I didn't find a way to start a mongo console on the shard pods, because they keep crashing. Tell me if you know a way to run the command on them.

miguelaeh commented 3 years ago

It seems that node is propertyl configured as primary:

"stateStr" : "PRIMARY",

So, I think we would need to ensure the shards have that primary configured which address should be mdb01-dev-mongodb-sharded-configsvr-0.mdb01-dev-mongodb-sharded-headless.development.svc.cluster.local:27017. I think that can be checked to get the value of MONGODB_INITIAL_PRIMARY_HOST in the shards. Something like

kubectl exec -it <pod_name> -- env | grep MONGODB_INITIAL_PRIMARY_HOST

should be enough in the shards. You will need to do it before it is restarted again.

francescocambi commented 3 years ago

Hi @miguelaeh , here is the output of the command ‘env | grep MONGODB_INITIAL_PRIMARY_HOST‘ run inside the pod.

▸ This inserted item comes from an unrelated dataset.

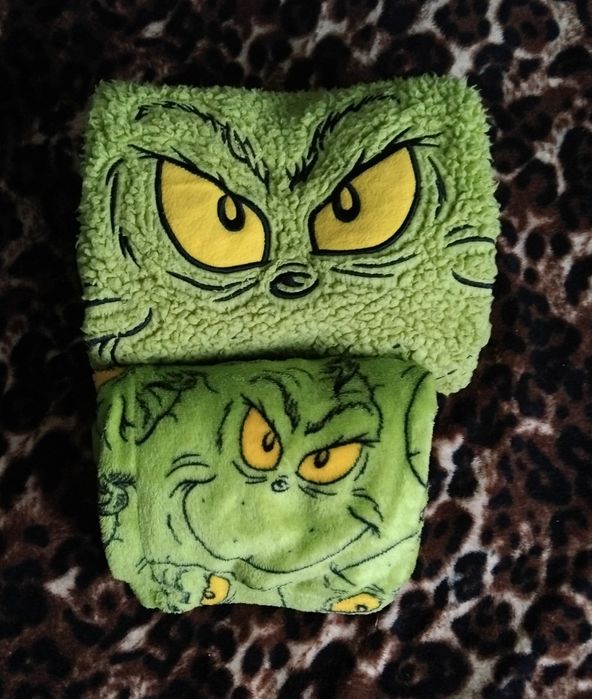 Pijamale Grinch 11-12ani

mdb01-dev-mongodb-sharded-shard0-data-0:/$ env | grep MONGODB_INITIAL_PRIMARY_HOST
MONGODB_INITIAL_PRIMARY_HOST=mdb01-dev-mongodb-sharded-shard0-data-0.mdb01-dev-mongodb-sharded-headless.development.svc.cluster.local

The address seems correct.

miguelaeh commented 3 years ago

Hi @francescocambi , Honestly, I have not much more idea of what to check to get information. The error code 51 seems to be Level 2 halted, which means that your level 2 connection could not be properly set up. If you can't find the solution I would recommend to try to restore the cluster in a new one, for example backing up the volumes using velero to deploy them with a new MongoDB cluster. Probably in that case you will need to delete or edit the information about the rest of nodes

ninja- commented 3 years ago

hmm could it be the case that the healthchecks are killing all cluster nodes before they are able to recover and reach quorum? :thinking:

github-actions[bot] commented 3 years ago

This Issue has been automatically marked as "stale" because it has not had recent activity (for 15 days). It will be closed if no further activity occurs. Thanks for the feedback.

github-actions[bot] commented 3 years ago

Due to the lack of activity in the last 5 days since it was marked as "stale", we proceed to close this Issue. Do not hesitate to reopen it later if necessary.